I feel really defeated - but worse, there is another party next week, but this one is over an hours drive away, so not practical for me to escape. I won't be drinking, because I will have the car with me. I will spend the whole night letting my imagination make me feel like everyone hates me and is judging me.

I know that it's not true - I know it's all in my head and that, in all probability, no one even notices me, one way or the other. 

I hate this - it's so frustrating to see normal people having normal conversations and making friends, a part of everyday life, but something I just can't do.

I'm a grown women - I'm smart and funny and capable - why can't I show these qualities to the rest of the world? It's ridiculous!


----------



## ShadowOnTheWall (Dec 24, 2010)

It takes practice, but no one's judging you anyway so don't be too harsh on yourself if your not perfect. It's probably easier to primarily keep around people you know or get on well with, but you can still say hi to others. No one's going to hold it against you if you aren't leading all the conversations


----------



## macky (Jan 25, 2015)

No offence but it doesn't sound like your boyfriend was helping you out much at all through. Your his guest after all. It wouldn't take much for you to at least introduce you to people and make sure you're alright. Especially as he should know about your social anxiety traits.


----------



## Asrais (Aug 22, 2015)

macky said:


> No offence but it doesn't sound like your boyfriend was helping you out much at all through.

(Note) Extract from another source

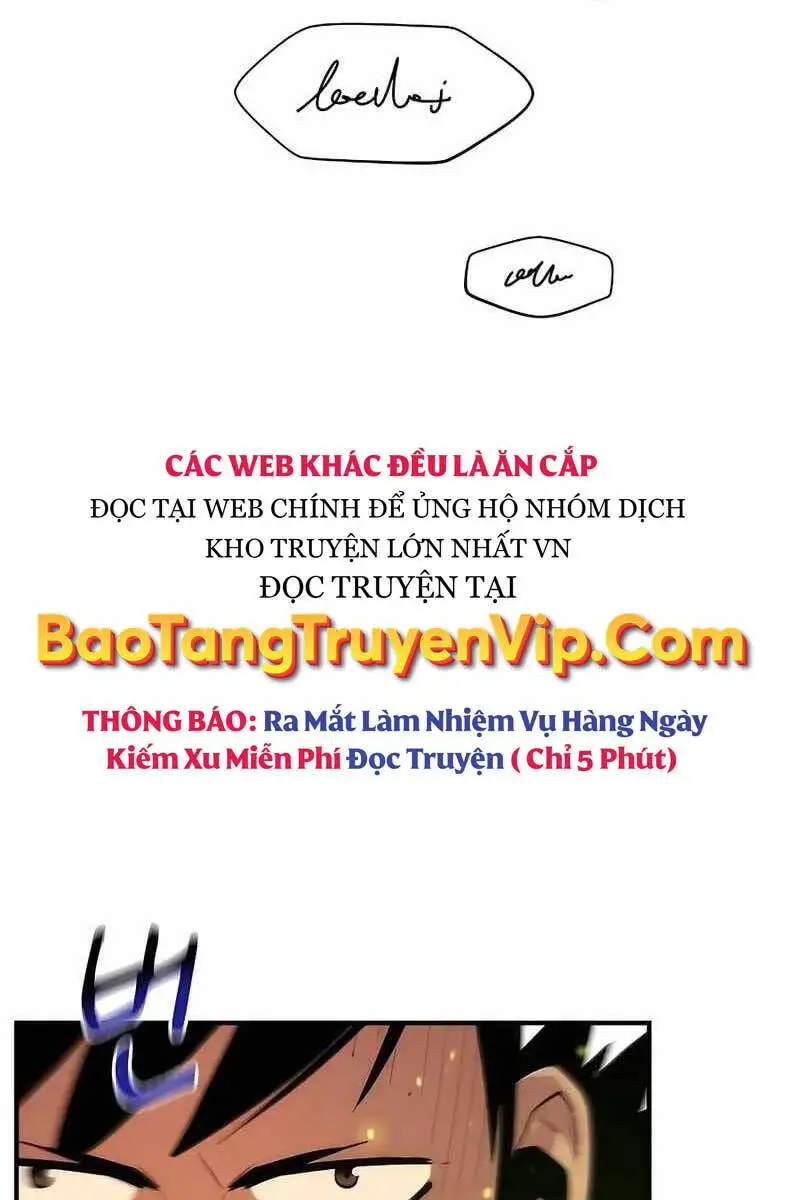 Đi Săn Tự Động Bằng Phân Thân Nettruyen ZZZ Chương 40 Page 9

Husband. I guess he's not that helpful - not because he doesn't want to be, but because he doesn't know what to do to help me. He is an extrovert and is comfortable with these situations. He knows that I'm uncomfortable, and that I find it tough, but I don't think he gets how bad I am.

It's not his fault, I do my best to keep it hidden, I've done it all my life - and that is my problem, I think - I spent my life so far trying to hide my true self and now I don't know how to be myself anymore.

In fact, my husband is probably the only person who ever sees my real true self, he is the only one I trust not to reject me.


----------



## Clementin (Aug 25, 2015)

Asrais said:


> I do my best to keep it hidden, I've done it all my life - and that is my problem, I think - I spent my life so far trying to hide my true self and now I don't know how to be myself anymore.


This is just like me, but I also find that when trying to be myself, I really dont have anything to say. I wish there was easy to chit chat, but I find that kind of talk only tiring. I Guess it is normal for some to feel this way, but that one is judging oneself too hard.


----------